The Cocoa classes also contain a lot of information never shown to the user, only seen by the programmer, information that tells the programmer ahead of time if the application design is proceeding as intended or if something is wrong. It's never necessary to put a Cocoa application through a debugger if it's written well - the programmer will see all of the unexpected as the app is run through Apple's IDE.

Cocoa applications are far more stable than comparative applications written on other platforms. And the wonder of it isn't the depth of the API - perhaps four times the size of the Windows/GNOME/KDE APIs - but that it's so easy to use, so easy to find what you're looking for, so easy to predict what you're going to be looking for because of the standardised nomenclature used, and above all that it has an almost nonexistent learning curve.

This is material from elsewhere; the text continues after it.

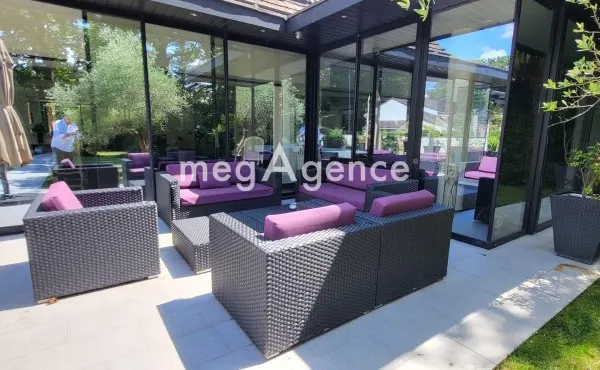 Maison / Villa 8 pièces 182 m2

One wants to empathise (and weep) with Steve Jobs when he laments that it's taken Rip Van Adobe ten years to create their first Cocoa application. Cocoa can take a while to get comfortable with but the underlying language takes merely a few hours.

This of course applies only to 'real' programmers - and not the besserwissers who do things like Python and Java. Real programmers can learn the underlying language Objective-C in a matter of two to three hours. Learn it well enough to start using it right away. That's how simple it is - but again: only for those who already have the chops to do it.

Objective-C

Objective-C is based on C and like its ugly duckling half-sibling C++ was originally a preprocessor pass onto the standard C compiler. The key to Objective-C is C. The trick is the fact it's actually based on Alan Kay's Smalltalk.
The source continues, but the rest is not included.